* **What needs to be done**: Pull out every line of the listing below where "фото" appears.

* **The data**:
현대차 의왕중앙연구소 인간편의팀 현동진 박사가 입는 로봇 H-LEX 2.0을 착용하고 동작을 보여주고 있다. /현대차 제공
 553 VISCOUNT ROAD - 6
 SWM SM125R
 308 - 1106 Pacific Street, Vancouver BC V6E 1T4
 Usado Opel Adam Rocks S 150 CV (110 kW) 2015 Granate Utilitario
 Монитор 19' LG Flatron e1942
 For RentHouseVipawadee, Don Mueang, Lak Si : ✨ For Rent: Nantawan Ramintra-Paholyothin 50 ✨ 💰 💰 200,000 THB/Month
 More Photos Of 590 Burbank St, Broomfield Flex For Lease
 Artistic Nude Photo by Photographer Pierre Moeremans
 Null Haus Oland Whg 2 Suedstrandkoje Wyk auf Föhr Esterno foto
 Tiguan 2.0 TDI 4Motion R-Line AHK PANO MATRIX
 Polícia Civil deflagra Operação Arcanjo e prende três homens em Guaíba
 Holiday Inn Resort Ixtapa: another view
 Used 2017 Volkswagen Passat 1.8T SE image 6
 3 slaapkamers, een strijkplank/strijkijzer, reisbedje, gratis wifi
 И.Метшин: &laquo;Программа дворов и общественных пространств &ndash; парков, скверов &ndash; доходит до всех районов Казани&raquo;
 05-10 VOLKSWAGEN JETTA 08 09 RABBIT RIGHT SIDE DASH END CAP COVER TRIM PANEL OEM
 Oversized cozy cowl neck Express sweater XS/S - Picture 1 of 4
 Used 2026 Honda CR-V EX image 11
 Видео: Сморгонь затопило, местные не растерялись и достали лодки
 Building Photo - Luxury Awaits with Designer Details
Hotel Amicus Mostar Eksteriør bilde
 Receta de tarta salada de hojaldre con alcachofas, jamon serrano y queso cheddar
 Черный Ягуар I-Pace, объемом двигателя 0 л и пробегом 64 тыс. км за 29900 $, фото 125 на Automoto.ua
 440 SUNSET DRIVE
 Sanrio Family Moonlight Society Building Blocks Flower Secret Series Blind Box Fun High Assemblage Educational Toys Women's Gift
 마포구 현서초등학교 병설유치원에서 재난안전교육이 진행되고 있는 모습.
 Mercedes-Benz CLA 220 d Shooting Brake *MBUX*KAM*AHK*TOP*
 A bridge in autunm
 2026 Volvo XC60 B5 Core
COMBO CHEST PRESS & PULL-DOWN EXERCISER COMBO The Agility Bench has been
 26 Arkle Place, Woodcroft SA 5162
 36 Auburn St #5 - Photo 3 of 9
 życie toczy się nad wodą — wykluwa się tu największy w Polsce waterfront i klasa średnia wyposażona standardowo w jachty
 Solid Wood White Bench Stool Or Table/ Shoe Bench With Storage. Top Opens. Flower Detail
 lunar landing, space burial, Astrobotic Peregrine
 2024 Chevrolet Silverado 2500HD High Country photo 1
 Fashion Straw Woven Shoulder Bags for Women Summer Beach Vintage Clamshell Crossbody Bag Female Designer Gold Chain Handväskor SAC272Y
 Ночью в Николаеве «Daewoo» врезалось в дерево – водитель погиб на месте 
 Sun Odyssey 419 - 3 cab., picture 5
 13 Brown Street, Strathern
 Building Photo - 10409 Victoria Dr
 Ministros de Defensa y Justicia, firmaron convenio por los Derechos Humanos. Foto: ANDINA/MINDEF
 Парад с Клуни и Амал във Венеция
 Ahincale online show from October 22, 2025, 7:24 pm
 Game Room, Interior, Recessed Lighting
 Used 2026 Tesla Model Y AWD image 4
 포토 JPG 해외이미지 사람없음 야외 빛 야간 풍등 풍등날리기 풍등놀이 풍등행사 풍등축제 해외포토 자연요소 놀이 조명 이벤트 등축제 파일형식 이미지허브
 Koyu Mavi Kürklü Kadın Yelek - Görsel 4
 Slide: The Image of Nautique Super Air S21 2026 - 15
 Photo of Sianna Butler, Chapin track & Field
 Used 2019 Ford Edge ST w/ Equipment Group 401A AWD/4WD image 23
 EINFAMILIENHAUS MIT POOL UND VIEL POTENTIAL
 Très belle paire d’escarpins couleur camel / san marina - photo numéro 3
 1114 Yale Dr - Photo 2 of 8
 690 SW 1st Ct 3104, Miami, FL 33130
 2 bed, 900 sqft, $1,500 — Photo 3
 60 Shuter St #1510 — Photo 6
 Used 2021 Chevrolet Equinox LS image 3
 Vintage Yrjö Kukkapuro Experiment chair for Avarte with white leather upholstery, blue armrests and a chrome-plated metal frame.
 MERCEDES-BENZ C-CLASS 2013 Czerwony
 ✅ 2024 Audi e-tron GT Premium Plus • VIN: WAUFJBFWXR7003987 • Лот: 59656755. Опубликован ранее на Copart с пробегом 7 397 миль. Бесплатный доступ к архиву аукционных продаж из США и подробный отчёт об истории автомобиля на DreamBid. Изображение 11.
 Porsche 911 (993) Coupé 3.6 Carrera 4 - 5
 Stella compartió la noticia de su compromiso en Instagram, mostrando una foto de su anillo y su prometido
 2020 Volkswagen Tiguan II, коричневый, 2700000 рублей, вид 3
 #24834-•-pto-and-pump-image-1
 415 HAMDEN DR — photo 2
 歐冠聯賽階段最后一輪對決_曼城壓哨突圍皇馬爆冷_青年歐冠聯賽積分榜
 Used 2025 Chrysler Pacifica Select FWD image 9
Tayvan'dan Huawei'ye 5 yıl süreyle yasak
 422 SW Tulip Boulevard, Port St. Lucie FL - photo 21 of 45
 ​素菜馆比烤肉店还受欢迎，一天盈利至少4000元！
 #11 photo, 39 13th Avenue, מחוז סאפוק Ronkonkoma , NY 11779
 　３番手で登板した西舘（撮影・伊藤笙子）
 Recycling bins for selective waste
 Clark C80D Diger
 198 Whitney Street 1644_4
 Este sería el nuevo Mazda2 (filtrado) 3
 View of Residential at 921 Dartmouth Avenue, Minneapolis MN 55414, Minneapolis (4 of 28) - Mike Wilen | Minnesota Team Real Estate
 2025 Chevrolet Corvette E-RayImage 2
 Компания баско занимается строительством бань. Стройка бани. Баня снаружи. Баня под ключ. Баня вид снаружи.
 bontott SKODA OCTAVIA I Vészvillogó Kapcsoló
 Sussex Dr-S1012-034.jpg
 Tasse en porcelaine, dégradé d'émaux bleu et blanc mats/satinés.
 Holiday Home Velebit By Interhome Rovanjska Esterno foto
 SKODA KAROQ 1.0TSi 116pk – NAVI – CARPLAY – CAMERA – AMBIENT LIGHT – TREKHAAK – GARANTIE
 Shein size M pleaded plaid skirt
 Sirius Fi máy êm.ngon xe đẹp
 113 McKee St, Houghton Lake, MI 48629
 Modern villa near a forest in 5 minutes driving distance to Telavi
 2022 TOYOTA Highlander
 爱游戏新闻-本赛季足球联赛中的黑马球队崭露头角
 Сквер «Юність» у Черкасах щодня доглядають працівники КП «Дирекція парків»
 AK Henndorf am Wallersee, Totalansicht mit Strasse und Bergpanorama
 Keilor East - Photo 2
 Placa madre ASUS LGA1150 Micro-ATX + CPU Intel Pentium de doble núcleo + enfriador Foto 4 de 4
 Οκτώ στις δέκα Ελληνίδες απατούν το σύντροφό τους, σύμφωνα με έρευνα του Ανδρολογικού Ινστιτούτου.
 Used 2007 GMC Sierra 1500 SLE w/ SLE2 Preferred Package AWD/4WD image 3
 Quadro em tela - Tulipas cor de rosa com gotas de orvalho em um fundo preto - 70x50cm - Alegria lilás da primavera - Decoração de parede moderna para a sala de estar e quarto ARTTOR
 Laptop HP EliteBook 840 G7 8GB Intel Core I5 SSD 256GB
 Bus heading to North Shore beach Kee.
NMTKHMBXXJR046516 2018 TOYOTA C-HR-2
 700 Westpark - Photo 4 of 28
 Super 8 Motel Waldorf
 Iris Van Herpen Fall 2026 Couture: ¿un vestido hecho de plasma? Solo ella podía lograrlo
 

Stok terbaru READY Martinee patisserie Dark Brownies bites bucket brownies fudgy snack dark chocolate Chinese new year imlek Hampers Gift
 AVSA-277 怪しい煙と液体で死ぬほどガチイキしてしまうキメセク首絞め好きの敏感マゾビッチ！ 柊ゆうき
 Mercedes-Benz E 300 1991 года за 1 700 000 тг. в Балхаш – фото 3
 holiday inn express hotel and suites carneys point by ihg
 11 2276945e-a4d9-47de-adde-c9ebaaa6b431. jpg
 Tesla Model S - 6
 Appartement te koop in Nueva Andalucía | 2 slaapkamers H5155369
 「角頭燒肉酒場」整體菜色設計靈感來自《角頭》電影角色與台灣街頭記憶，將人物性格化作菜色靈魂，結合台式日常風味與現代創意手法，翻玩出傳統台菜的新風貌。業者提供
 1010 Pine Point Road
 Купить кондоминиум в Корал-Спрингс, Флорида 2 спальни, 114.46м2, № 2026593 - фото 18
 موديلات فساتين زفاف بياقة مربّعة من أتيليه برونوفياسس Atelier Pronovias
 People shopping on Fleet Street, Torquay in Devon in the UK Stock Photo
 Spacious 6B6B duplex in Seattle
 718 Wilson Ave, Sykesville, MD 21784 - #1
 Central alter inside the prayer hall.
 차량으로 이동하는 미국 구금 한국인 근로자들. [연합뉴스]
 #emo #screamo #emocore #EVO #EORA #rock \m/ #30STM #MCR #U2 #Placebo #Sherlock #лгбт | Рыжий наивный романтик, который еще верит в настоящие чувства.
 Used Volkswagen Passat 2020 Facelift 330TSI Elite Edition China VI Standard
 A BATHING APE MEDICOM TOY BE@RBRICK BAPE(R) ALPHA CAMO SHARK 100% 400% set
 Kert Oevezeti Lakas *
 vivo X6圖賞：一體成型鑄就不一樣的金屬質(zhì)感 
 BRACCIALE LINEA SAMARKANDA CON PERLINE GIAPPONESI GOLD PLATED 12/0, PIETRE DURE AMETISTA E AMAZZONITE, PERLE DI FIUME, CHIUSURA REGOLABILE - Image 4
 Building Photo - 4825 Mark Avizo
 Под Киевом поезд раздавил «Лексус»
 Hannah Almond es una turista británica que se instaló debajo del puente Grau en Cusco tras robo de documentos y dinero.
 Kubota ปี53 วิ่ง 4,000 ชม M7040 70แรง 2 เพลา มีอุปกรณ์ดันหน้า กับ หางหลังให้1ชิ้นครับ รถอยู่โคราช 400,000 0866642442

* **Written solution**:
 Черный Ягуар I-Pace, объемом двигателя 0 л и пробегом 64 тыс. км за 29900 $, фото 125 на Automoto.ua
 Mercedes-Benz E 300 1991 года за 1 700 000 тг. в Балхаш – фото 3
 Купить кондоминиум в Корал-Спрингс, Флорида 2 спальни, 114.46м2, № 2026593 - фото 18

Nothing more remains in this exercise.